**Task prompt**
From the data that follows, print exactly the lines starting at the one containing "Used 2019 Chevrolet" and ending at the one containing "Foto del edificio - 2418 N Kilbourn Ave"; include both of them and nothing more.

**Raw data**

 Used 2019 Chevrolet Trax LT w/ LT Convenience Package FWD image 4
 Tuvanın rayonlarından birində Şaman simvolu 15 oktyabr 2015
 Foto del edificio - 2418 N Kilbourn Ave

==

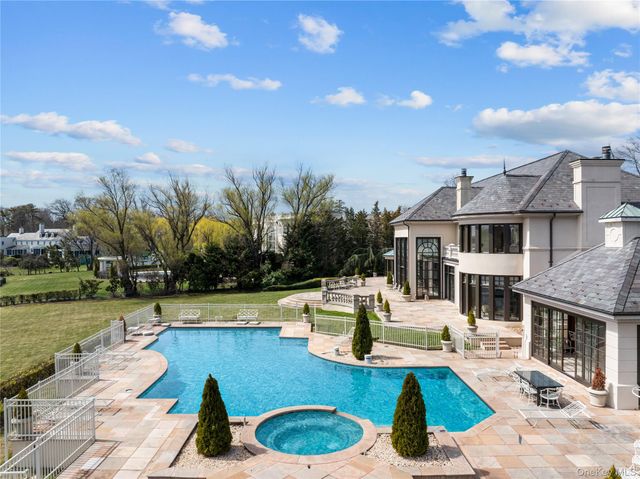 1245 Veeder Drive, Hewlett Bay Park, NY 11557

==

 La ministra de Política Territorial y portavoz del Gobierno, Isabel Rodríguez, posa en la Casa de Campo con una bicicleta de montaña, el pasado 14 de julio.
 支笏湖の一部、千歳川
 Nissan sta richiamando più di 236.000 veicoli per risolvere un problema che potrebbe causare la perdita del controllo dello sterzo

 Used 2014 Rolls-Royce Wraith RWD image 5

**Result of this task**
 Used 2019 Chevrolet Trax LT w/ LT Convenience Package FWD image 4
 Tuvanın rayonlarından birində Şaman simvolu 15 oktyabr 2015
 Foto del edificio - 2418 N Kilbourn Ave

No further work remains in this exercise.